When Brazil was first discovered in1500, by the Portuguese captain Pedro Alvares Cabral, thinking that the new found land was an island, he named it Ilha de Vera Cruz (Island of the True Cross). Considering that the Feast of the Cross was around the corner on the liturgical calendar, May 3, it’s possible that Cabral named it that to honor the Cross.
Soon after realizing that Brazil was not an island, the name was changed from Ilha de Vera Cruz to Terra de Santa Cruz (Land of the Holy Cross). However, due to the strong religious practice of the time, the reference to the cross was considered blasphemy and the name was dropped.

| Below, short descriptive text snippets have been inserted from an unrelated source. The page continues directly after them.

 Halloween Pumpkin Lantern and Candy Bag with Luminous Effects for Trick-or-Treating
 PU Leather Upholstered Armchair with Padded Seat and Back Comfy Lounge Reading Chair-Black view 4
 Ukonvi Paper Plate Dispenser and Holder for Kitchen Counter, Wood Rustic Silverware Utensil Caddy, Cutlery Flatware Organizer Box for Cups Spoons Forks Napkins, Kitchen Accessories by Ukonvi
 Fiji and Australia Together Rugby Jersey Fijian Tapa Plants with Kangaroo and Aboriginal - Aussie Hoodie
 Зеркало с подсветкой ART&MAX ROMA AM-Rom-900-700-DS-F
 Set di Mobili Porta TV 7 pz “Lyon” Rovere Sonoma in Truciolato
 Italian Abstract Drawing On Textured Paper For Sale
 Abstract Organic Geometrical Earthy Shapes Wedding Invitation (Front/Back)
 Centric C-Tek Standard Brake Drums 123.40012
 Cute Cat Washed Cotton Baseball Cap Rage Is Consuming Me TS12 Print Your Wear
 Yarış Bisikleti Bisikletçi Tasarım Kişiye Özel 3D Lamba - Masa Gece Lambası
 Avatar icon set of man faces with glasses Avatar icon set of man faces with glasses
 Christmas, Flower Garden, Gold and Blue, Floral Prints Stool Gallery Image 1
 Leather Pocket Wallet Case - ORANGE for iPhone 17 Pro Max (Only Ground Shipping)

In spite of Brazil’s natural resources, Portugal didn’t seem very excited about it because they didn’t want to make big investments to exploit the hidden treasures. It was easier to sail to India for their spices, precious stones, and luxurious artifacts. So between 1502 and 1512, the Portuguese crown leased their claim to Brazil to a Lisbon merchant group for commercial exploitation.
The first thing this group started harvesting was a red wood which Brazil had plenty of. This wood produced a deep red dye which was already in demand by the European cloth industry and was previously imported from India at high prices. Now, Brazil would be the provider at much cheaper prices.
At the exploration period, whenever a country discovered a new land, they claimed it and moved in. But as Portugal took three decades to do that, Brazil had many visitors from different lands including Spain, France, and Holland. And the French harvested a lot of dyewood illegally.
This tree was called pau-brasil (brazilwood). As the wood was coming to Europe in great quantities, people started referring to the new land as the land of Brazil. Later, it became just Brazil.
Unfortunately, the extreme redwood harvest which was done both legally and illegally brought it close to extinction.